The Mississauga suburbs are just rows and rows of houses that all look the same, so finding Jim's house is unlikely, but maybe someday I'm come across the one that girl tumbles out of at the beginning.


Anyway, that's the tour. I'm pretty stoked about the screening tonight. It is technically a Christmas movie, so I'm killing two brains here!

*Thanks to Kurt Halfyard and Ken Gord for all their assistance in putting together this post.

8 comments:

Belial Bradley said...

I worked at the Xerox research facility for a high school co-op placement. From what I can remember it was not particularly fast paced in there, but more focused on development. I got to spend days trying to keep myself busy and scraping toner out of vessels for weighing. There were good intentions, at least, to expose students to a different type of work environment, but it was a bit of a whiff.

Bit surprised that the site has been used for backdrops in television and film production.
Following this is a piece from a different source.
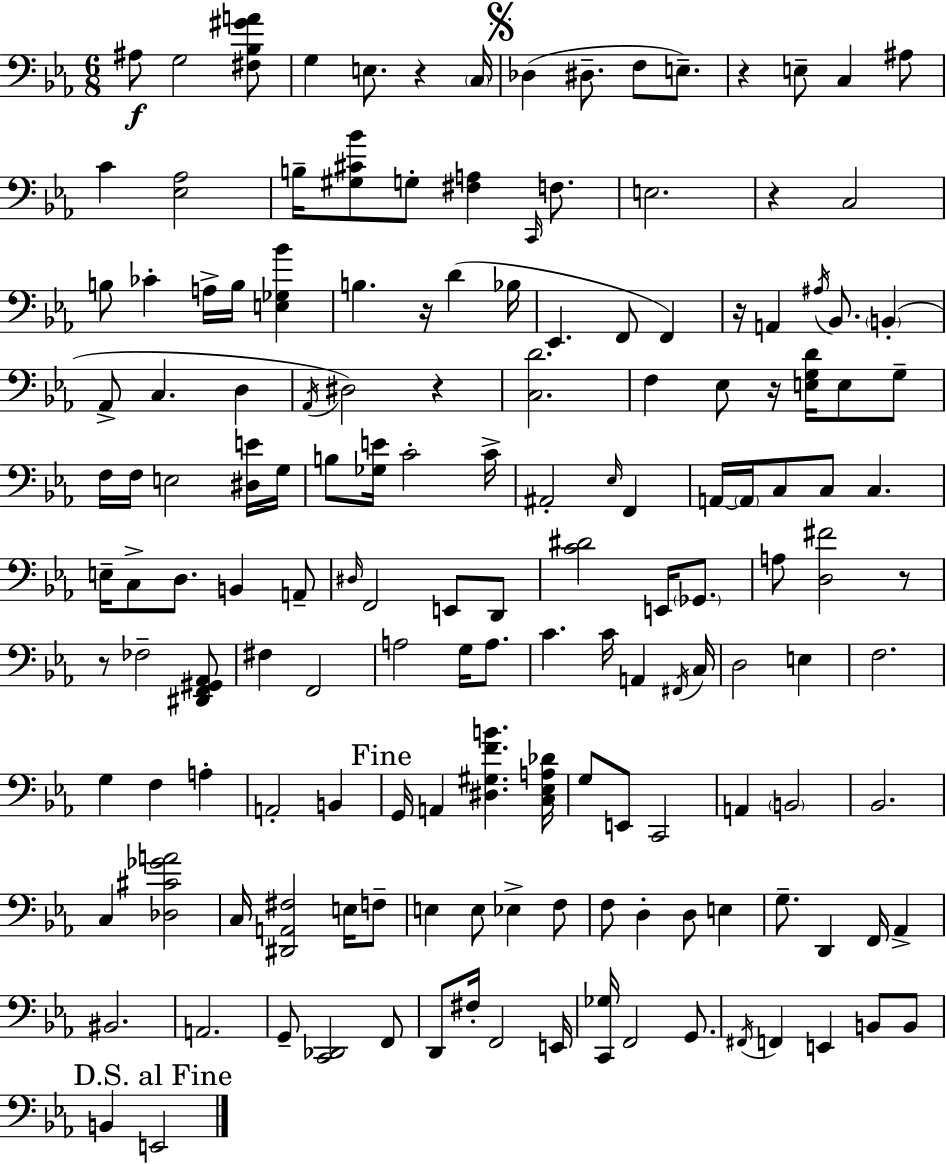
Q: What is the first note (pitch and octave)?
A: A#3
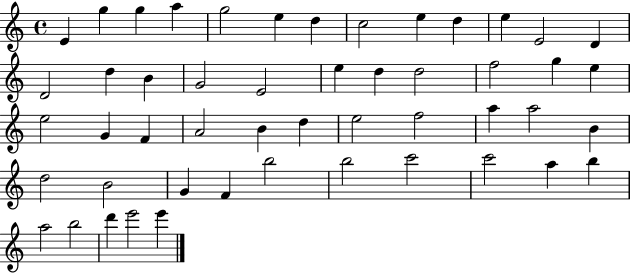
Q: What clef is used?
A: treble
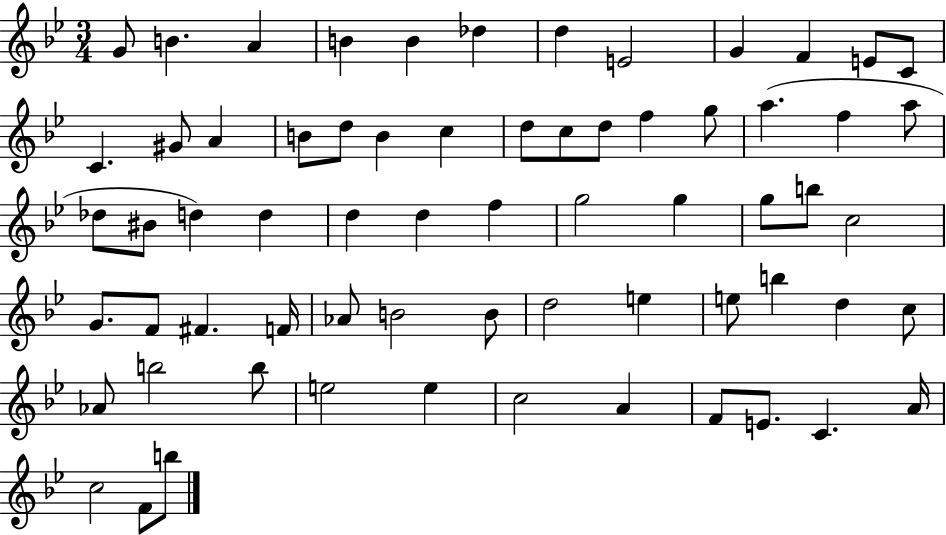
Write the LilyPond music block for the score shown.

When I asked if I could take any photos when I was working there I was told it was company policy not to. The exterior, though, certainly would have lent itself to a futuristic looking motif back in the 80's and 90's.

I bought some DVD box sets of Nikita, which was a Canadian TV production from about 20 years ago. Plenty of Toronto area sites that are familiar but I'm pretty sure I saw some scenes shot at Lion's Valley Park as well.

Jay Clarke said...

I think they stopped allowing stuff to be shot there in the mid-nineties, so depending on when you were interning, that would make sense. My friend had to get permission to show me around.

Oh God yes, countless shows are shot in Toronto. The Canadian tax shelter horror movies of the seventies and eighties are some of my faves!

VEZ said...

Actually, where the car goes off the cliff is 100% the Devils Punch on the Stoney Creek Mountain. He then overlooks the city of Stoney Creek with Hamilton (smoke stacks) and the skyway bridge in the background. So, add Stoney Creek and Hamilton to the shooting locations ;)

Jay Clarke said...

Excellent, thanks Vez! I'll have to add that to my list of new destinations to check out.

Matt said...

Hey man, Jim's house is 4040 Farnsworth Crescent, Mississauga, Ontario

Jay Clarke said...

Thanks Matt! Ill add it to the list.
I have since been able to find the locations for both the Burger Bar and the house in the opening (the former is now a Tim Horton's and the latter is on King St, west of Jameson.)

Paul Casella said...

I just put on Hostage for a Day directed by John Candy and the neighborhood instantly reminded me of the neighborhood in The Brain which looked newly developed at the time. They are both shot in Ontario...Could it be the same or many developments look alike.

Jay Clarke said...

Hi Paul. Looks like Hostage For a Day was shot a little north of where The Brain was, but in your defense, yes many of our late-20th century subdivisions look the same. Ginger Snaps is another example.